Licorice Pizza: os fluxos inconscientes da consciência do filme
- danielsa510

- 21 de fev. de 2022
- 3 min de leitura

Direção: Paul Thomas Anderson. Roteiro: Paul Thomas Anderson. Montagem: Andy Jurgensen. Direção de Fotografia: Paul Thomas Anderson, Michael Bauman. Produção: Daniel Lupi. Direção de Arte: Samantha Englender. Música: Jonny Greenwood. Som: David Acord.
Quando paramos para pensar como um filme pode operar no mundo, o sentimento de que ele deva vir a ser "perfeito" geralmente é um sentimento que buscamos no fundo do nosso inconsciente. E quanto mais consistentes desse sentido, mais forte tende a ser nossa conexão com a experiência desse tipo de obra.
Paul Thomas Anderson fez o filme ideal? Talvez. Em verdade, essa sequer seja a questão. O que sentimos é essa investigação semidesinteressada do diretor no uso das autorreferencias, no jogo com o olhar e expectativas do espectador (aquele que espera passivo ou não no assento). E nesse caso, positivamente, a posição não passa a ser essa.
Diante das situações, das imagens e dos personagens que Anderson problematiza, somos construtores e guiados pelas diretrizes do olhar do realizador para essa era de 1970 (des)idealizada. Certamente não podemos dizer que somos passivos diante do longa uma vez que ele pede da gente um forte investimento desde a sua primeira sequência.

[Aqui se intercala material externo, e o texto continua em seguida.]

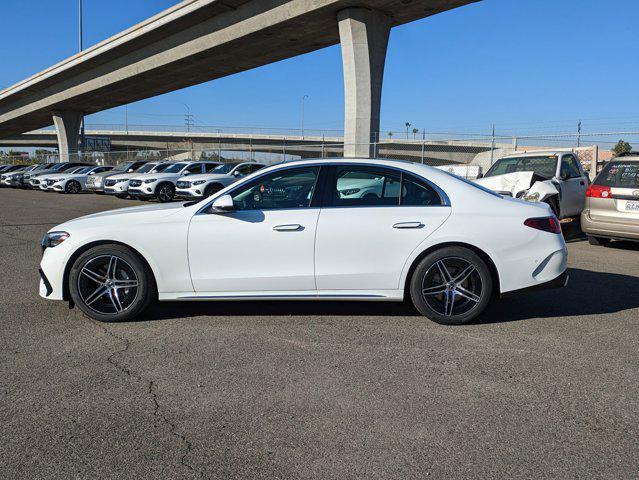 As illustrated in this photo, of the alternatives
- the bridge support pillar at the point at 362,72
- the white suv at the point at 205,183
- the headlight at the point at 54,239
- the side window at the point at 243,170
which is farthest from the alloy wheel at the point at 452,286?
the bridge support pillar at the point at 362,72

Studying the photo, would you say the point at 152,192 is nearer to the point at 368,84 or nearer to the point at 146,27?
the point at 368,84

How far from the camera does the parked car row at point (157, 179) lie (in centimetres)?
1852

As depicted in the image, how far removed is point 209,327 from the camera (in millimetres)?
4672

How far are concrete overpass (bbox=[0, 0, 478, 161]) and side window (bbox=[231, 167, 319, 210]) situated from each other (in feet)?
51.7

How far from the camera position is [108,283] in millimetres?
4816

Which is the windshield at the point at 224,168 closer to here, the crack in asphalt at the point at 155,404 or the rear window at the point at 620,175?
the rear window at the point at 620,175

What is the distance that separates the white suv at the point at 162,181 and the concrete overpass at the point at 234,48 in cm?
626

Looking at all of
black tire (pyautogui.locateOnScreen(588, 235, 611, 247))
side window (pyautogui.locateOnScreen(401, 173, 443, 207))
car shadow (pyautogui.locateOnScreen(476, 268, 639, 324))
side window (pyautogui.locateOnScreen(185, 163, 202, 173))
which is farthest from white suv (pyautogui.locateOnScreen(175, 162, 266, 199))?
side window (pyautogui.locateOnScreen(401, 173, 443, 207))

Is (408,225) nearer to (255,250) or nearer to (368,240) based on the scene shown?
(368,240)

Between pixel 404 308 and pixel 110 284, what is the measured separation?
292 centimetres

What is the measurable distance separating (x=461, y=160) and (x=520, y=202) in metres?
33.4

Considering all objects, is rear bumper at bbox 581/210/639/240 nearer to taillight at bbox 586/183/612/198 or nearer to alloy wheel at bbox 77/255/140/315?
taillight at bbox 586/183/612/198

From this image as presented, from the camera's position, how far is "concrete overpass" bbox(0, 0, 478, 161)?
20.8 meters

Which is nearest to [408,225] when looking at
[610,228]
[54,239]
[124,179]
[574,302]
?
[574,302] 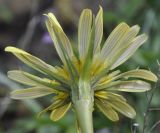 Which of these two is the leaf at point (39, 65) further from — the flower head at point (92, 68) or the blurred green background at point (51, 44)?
the blurred green background at point (51, 44)

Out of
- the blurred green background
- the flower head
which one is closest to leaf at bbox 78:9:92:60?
the flower head

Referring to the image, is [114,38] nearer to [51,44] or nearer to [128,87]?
[128,87]

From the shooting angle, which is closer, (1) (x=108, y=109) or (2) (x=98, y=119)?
(1) (x=108, y=109)

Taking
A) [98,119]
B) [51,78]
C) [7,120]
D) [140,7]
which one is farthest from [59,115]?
[7,120]

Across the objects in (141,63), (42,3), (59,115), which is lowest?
(59,115)

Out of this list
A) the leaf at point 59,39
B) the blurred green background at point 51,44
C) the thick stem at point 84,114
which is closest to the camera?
the thick stem at point 84,114

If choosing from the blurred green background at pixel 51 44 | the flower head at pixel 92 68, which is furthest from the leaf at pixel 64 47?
the blurred green background at pixel 51 44

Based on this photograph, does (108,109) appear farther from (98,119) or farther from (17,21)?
(17,21)

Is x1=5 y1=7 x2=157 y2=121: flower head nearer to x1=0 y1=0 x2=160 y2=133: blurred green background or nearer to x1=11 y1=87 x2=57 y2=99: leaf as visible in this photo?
x1=11 y1=87 x2=57 y2=99: leaf
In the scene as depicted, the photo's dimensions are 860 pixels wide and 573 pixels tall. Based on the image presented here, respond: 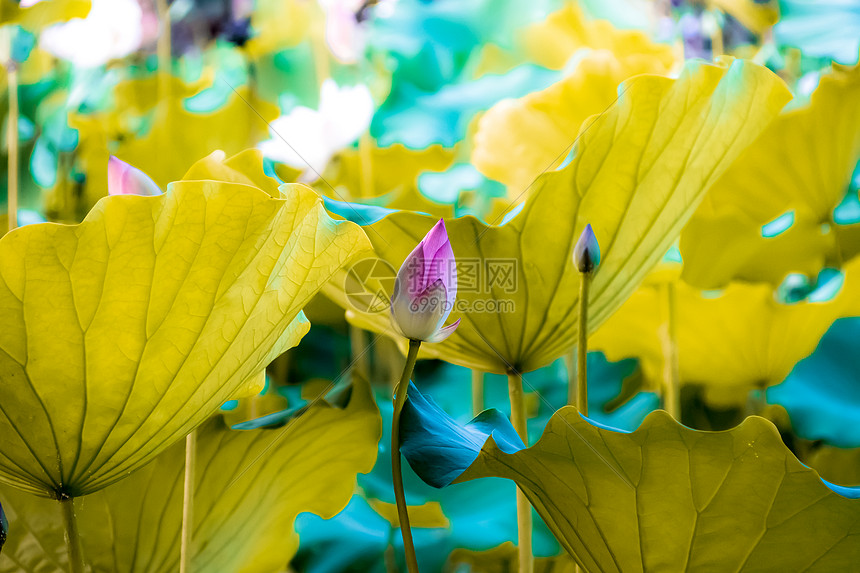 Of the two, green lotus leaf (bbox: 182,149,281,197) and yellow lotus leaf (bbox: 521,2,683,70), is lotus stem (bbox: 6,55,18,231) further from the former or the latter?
yellow lotus leaf (bbox: 521,2,683,70)

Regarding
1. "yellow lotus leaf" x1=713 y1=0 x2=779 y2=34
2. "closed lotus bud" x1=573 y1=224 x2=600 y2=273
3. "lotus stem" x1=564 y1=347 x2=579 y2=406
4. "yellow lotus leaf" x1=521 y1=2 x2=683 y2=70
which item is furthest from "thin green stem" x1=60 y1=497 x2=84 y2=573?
"yellow lotus leaf" x1=713 y1=0 x2=779 y2=34

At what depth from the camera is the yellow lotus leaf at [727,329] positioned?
0.58 meters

Ou seja, ele nos requer a atenção de estarmos atentos para irmos e virmos aonde quer que esses personagens, soltos nessa Califórnia setentista, estejam. Interessantíssimo notar o modelo estabelecido para isso. Primeiro, em relação à distância que essa câmera mediada estabelece na sua maioria.

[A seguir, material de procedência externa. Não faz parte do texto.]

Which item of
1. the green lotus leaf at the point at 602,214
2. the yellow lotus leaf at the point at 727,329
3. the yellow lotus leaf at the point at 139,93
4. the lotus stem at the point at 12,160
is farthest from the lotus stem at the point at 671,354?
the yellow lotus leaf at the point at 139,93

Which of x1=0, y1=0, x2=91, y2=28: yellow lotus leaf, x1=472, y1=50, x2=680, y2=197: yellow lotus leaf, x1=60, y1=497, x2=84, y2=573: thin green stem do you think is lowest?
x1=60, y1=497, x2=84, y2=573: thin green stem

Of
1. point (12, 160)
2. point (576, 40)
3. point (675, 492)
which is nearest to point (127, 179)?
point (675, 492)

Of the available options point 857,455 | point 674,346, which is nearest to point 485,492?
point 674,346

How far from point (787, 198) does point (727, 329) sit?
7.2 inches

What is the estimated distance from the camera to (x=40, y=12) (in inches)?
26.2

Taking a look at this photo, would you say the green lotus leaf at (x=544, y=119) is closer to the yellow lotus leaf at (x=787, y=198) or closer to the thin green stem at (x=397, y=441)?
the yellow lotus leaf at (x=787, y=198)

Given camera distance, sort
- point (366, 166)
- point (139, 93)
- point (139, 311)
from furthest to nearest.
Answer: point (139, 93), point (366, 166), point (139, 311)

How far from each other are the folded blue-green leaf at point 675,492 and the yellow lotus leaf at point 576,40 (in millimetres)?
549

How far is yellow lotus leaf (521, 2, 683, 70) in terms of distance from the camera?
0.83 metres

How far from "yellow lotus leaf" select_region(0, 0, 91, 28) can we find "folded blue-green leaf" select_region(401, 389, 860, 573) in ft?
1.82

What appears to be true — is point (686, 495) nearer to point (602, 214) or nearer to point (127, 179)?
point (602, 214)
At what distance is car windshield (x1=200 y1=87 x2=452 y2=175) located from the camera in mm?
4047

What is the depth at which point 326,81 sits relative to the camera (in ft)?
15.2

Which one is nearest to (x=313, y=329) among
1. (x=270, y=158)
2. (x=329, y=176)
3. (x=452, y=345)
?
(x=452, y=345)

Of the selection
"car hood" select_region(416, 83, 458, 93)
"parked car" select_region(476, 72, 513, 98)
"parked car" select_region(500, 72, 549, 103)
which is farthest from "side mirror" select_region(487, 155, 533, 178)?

Ela nunca soa invasiva na sua tarefa de dar a ver nossos personagens. Quando ela precisa acompanhá-los, o faz a partir de travellings que revelam muito sutilmente toda uma intenção dessa cinematografia que nos convida convida a reflexão sobre o que seria essa possível arqueologia do espaço cinematográfico.
Uma espacialidade que não se baseia numa sistemática hiperdecupada da construção dessa imageticidade. Seja circunscrevendo o perímetro de uma fila de espera, uma via urbana ou restaurante no centro da cidade, esse topos parece remontar consistentemente a uma organicidade originária e quase esquecida da arte do filme. Não se trata de purismo.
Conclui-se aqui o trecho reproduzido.